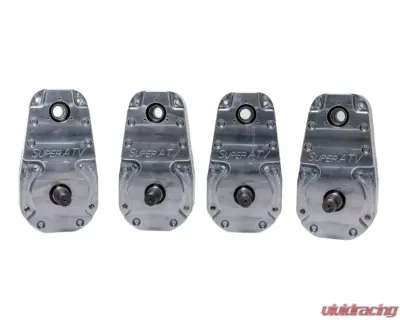 SuperATV 8" Billet Portal Gear Lift Kit w/ 45% Gear Reduction & Frame Stiffener Honda Talon 1000X w/ Big Lift Kit 2018+ - PGH8-3-82-452-B-FS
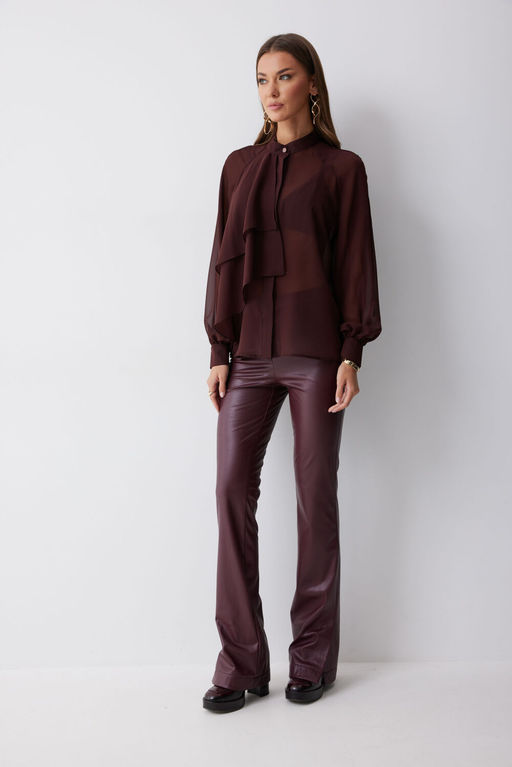 Блуза LYUSHe 4221 бордо  фото 2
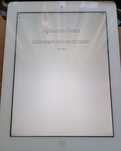 Tabletă iPad blocată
# # # # # # #
__Exercise goal__
Could you copy the lines above exactly and skip the images?

__Result of this task__
 SuperATV 8" Billet Portal Gear Lift Kit w/ 45% Gear Reduction & Frame Stiffener Honda Talon 1000X w/ Big Lift Kit 2018+ - PGH8-3-82-452-B-FS
 Блуза LYUSHe 4221 бордо  фото 2
 Tabletă iPad blocată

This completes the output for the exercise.